14 KiB

Raw Permalink Blame History

Sprite Glow: EE side

It's pretty simple, no asm.

VU Memory Map

Offset is 400 (0-400 -> 400-800 as input buffers)


400 - 800 (input second buffer)
800 - template copy 1
884 - template copy 2
980 - constants

DMA init

@ 0x500930 tag: TAG: 0x00000000 cnt  qwc 0x0018
 vif0: STCYCL cl: 4 wl: 4
 vif1: UNPACK-V4-32: 24 addr: 980 us: false tops: false

@ 0x500ac0 tag: TAG: 0x00777650 ref  qwc 0x0054
 vif0: STCYCL cl: 4 wl: 4
 vif1: UNPACK-V4-32: 84 addr: 800 us: false tops: false

@ 0x500ad0 tag: TAG: 0x00777650 ref  qwc 0x0054
 vif0: MSCAL 0x0
 vif1: UNPACK-V4-32: 84 addr: 884 us: false tops: false

@ 0x500ae0 tag: TAG: 0x00000000 cnt  qwc 0x0000
 vif0: BASE 0x0
 vif1: OFFSET 0x190

@ 0x500af0 tag: TAG: 0x00000000 cnt  qwc 0x0000
 vif0: NOP
 vif1: FLUSHE

First tag is uploading the constants.

Next two are uploading two copies of the templates and run init. Output is double buffered, so this makes sense.

Next tag sets up input double buffer.

Final tag is just sync before starting the draws

Template system

The VU program is (as usual) double buffered. There are two input buffers, containing data uploaded through VIF. There are two output buffers, each containing the sprite-glow-template.

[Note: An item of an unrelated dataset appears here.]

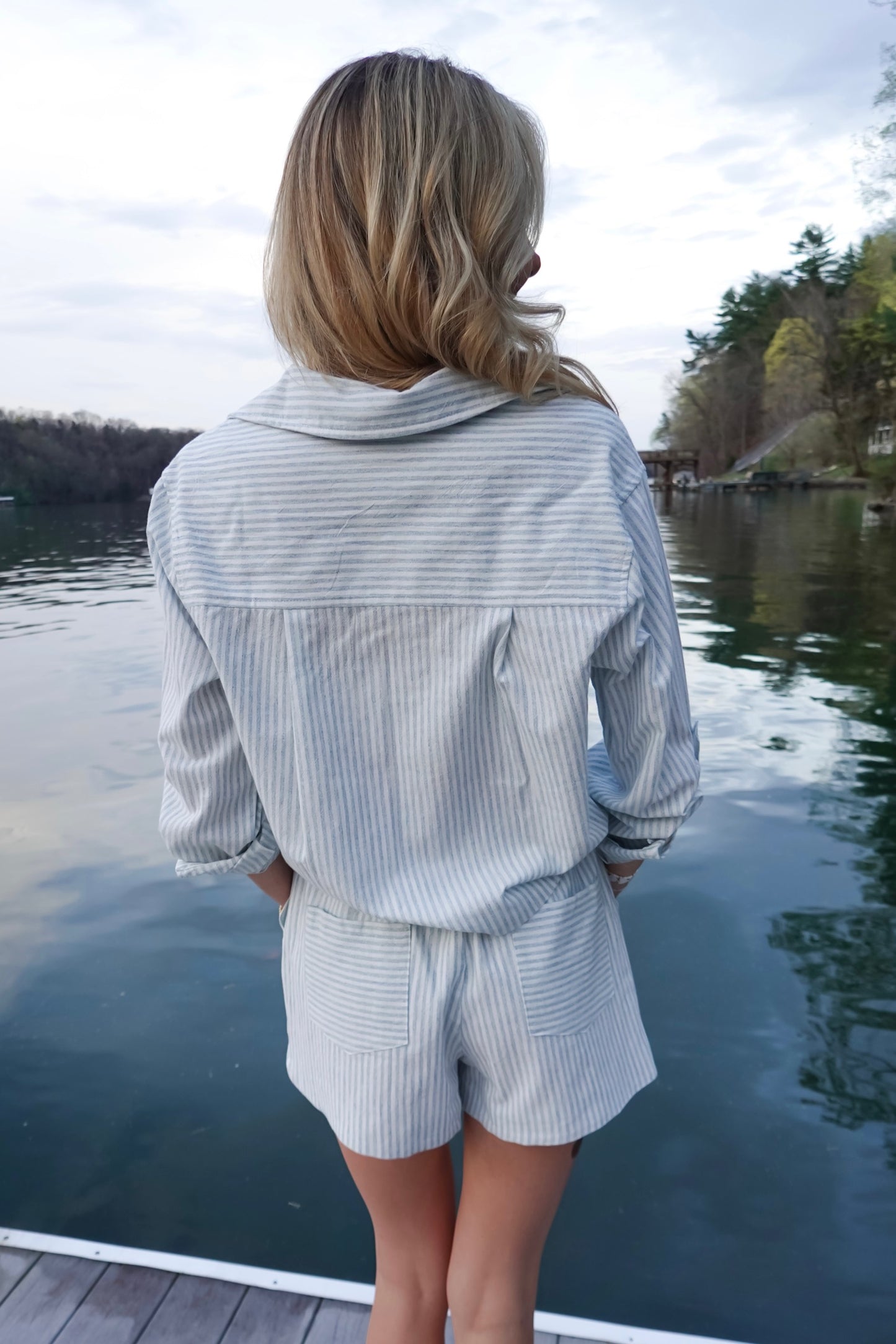 Leah Striped Long Sleeve Button Down Shirt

While the program runs, it transform vertices, putting the results in the template. Once done, it xgkicks, which waits for the previous run's draw to finish if needed, then begins the drawing process.

What is drawn?

Annoyingly, there are 6 draws this time:

Probe Clear alpha
Probe Draw alpha
Offscreen sample
Offscreen repeat
Draw Alpha
Draw Final

In summary:

Probe Clear alpha: draw a alpha = 0 square. Always drawn.
Probe Draw alpha: draw an alpha = 1 square. 1 px smaller than first draw. Uses normal z test.

Draw 1 and 2: "Probe Clear alpha" and "Probe Draw alpha"

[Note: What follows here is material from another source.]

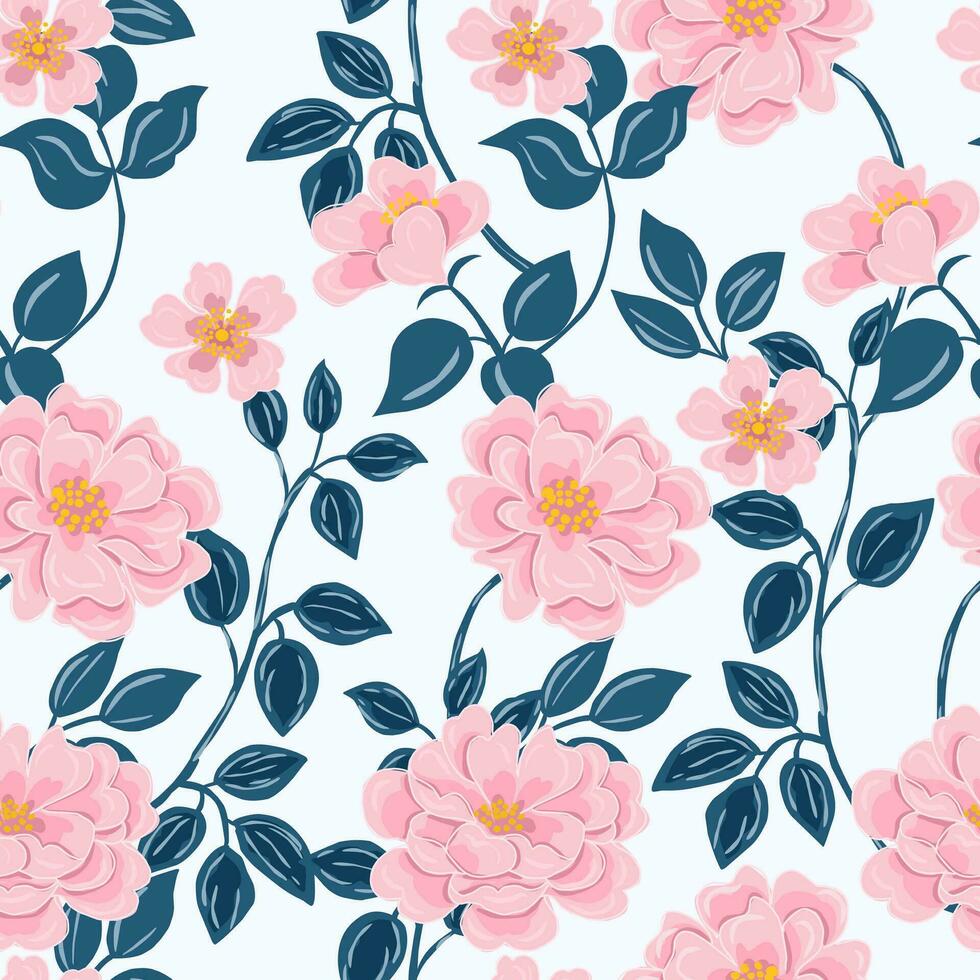 Pink Rose Hand Drawn Flower Seamless Pattern vector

First is the clear. The first tag is 5 regs of adgif:

texflush
(new 'static 'gs-alpha :a 2 :b 2 :c 2 :d 1)
(new 'static 'gs-test :ate 1 :afail 1 :zte 1 :ztst 2)
(new 'static 'gs-zbuf :zbp 304 :psm 1 :zmsk 1)
(new 'static 'gs-frame :fbp 408 :fbw 8 :fbmsk #xffffff)

The alpha is:

Cv = (0 - 0) * 0 + Cd

which means to not write any color.

The test is:

alpha test always fails, means only rgba is written always
ztest is usual GEQUAL

When combined with the alpha settings, this only writes alpha, no rgb or depth.

The zbuf looks at the normal zbuf, but z writing is masked again. Just in case.

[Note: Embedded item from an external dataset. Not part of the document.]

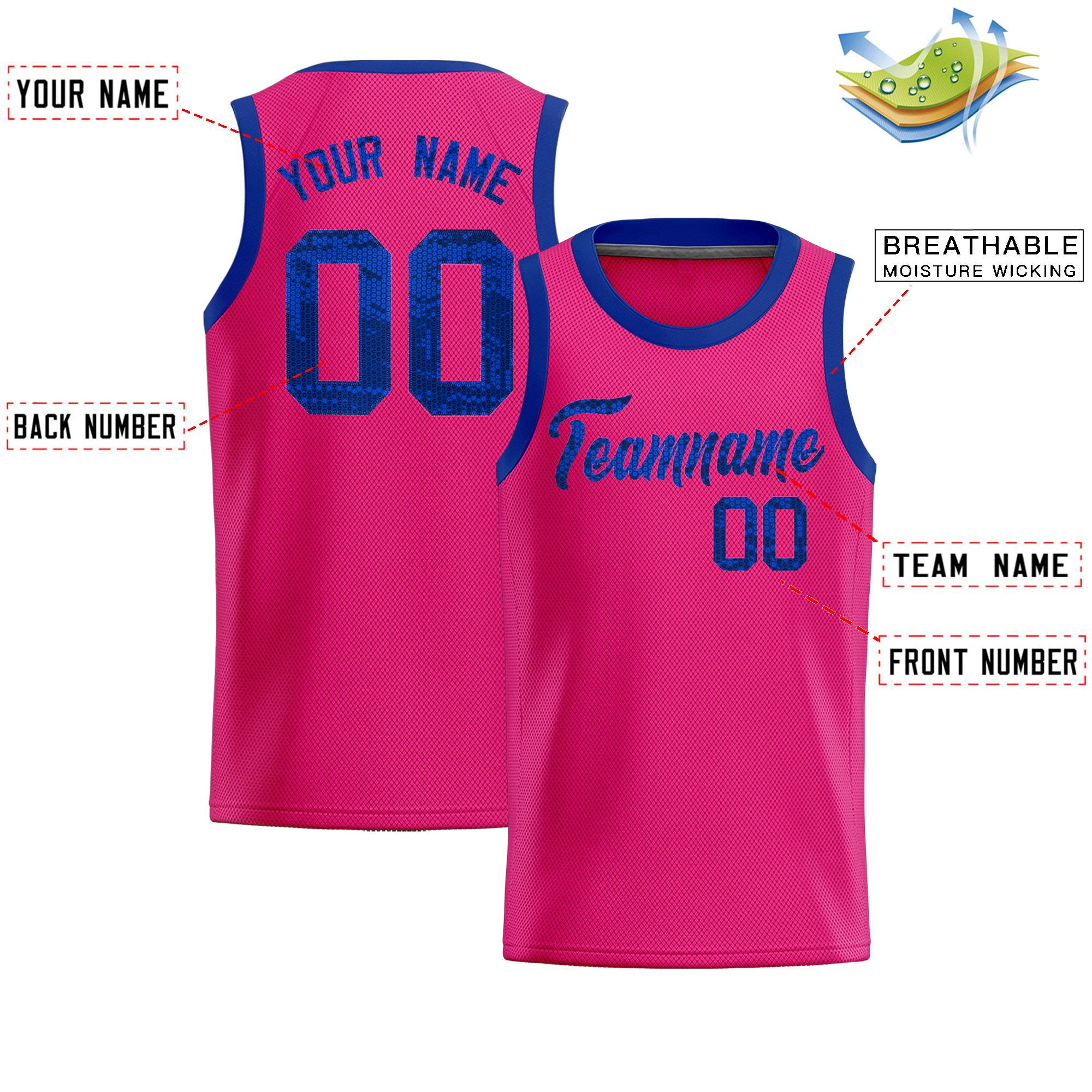 Custom Pink Sequined Tops Athletic Basketball Jersey|KXKSHOP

The gs-frame yet again masks away rgb writes. Just in case.

There are two draws. Both are sprites. The first draw sets alpha to 0 and uses z = #xffffff, so it always passes.

The second draw is similar but:

z comes from the transformed vertex. So it has normal depth test behavior
alpha is 1
it's 1 pixel smaller than the first draw.

So the end result is:

a alpha = 0 square always
an alpha = 1 square, offset in by 1 pixel on all sides, but only where depth passes.

Draw 3: Offscreen Sample

Switches to GS context 2. Samples from framebuffer and writes to a temporary texture (64 px width, uses only 32).

only writes alpha
mmag/mmin on
tcc = 1, tfx = 1 (rgba, decal) - RGBA all come from texture, nothing fancy
rgb writes masked (only write alpha)
clamp clamps
alpha test thing disables z buffer writing.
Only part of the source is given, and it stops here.